Aconteceu assim, em uma quarta-feira qualquer. Eu participava de um evento, começo da noite. Muita conversa, todos falando alto, distribuindo opiniões. Ambiente agradável, mas saturado. Queria me esconder dentro de uma bolha de silêncio. Uma espécie de cansaço antecipado, como no poema de Fernando Pessoa. Emocionalmente tranquilo, senti naquele instante que a alegria estava encarcerada. Vontade de mastigar um naco de solidão. Escolhida, desejada. E olha que costumo ter enorme prazer na presença das pessoas. Então, de forma discreta, fui saindo do burburinho para me instalar novamente num espaço de quietude, pois é onde quero morar a maior parte do tempo. E uma sensação de paz se acomodou na alma. Sinto-me confortável na minha companhia. Meus momentos felizes não precisam ser testemunhados, embora me nutra da presença de tanta gente, nutriente essencial do bem-estar. Sei lá, ando meio exausto do excesso de exibição nas redes, de ver gente se promovendo sem parar, transformadas em produto.

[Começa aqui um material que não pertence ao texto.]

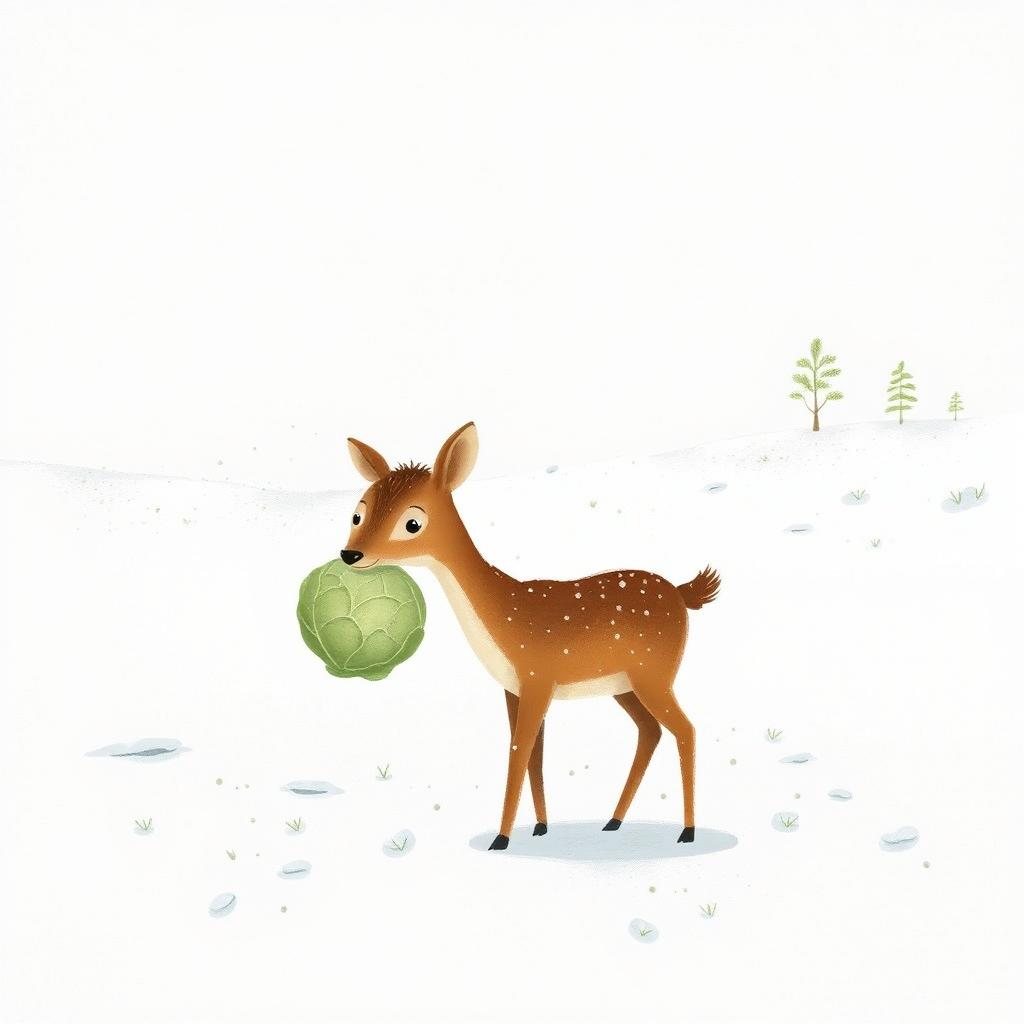 In a snowy landscape, a small brown deer holds a cabbage in its mouth, surrounded by softly falling snowflakes and a serene winter scene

O mundo se tornou um grande negócio. Ninguém quer perder uma oportunidade. Sob os holofotes, o “preço” individual aumenta no mercado da vaidade. Você acessa o YouTube, por exemplo, e é constantemente bombardeado por inúmeras propagandas. No início e durante a exibição. Ah, saudade de uma época de mais simplicidade, sem esquecer das maravilhas advindas do progresso, pilar da evolução humana. Novidades conseguem me encantar, mas gosto sobretudo de revisitar - esse hábito de continuar me abastecendo de algumas instâncias vitais para a nossa formação. Tenho amigos de décadas e pratico fidelidade a eles com renovado amor. Surpreendo-me apaziguado agindo dessa maneira. Enamoro-me do que permanece - familiaridade criando um fio invisível com a história de cada existência partilhada. Sonho com o futuro, mas percebo o valor de ter construído algo significativo no campo dos afetos ao longo dos anos. Não me canso de admirar, de reconhecer a beleza dos encontros.
Tento enfeitar os dias afastado do frenesi, em recolhimento. Posso sentar na grama do jardim e ficar só contemplando. Regulo as horas de exposição, sem, no entanto, pensar em ser um eremita. Respeito as religiões que promovem a verdadeira conexão. Tenho certo fastio ao me deparar com tanta exterioridade. Estou me reeducando para o bom convívio, longe do universo sintético das postagens instantâneas, efêmeras. Espio com interesse as notícias, as descobertas, pois envelhecer é se recusar a fazer a leitura da realidade que nos cerca. Não suspiro pelo passado, apenas absorvo alimento filtrando a memória da vida.
Aprecio voltar para casa e procuro experimentar uma coisa por vez. Necessito de pausas, intervalos. Dispenso o “tudo em todo lugar ao mesmo tempo”. Sempre um pouco menos – é minha liturgia. Sou um acumulador de serenidade.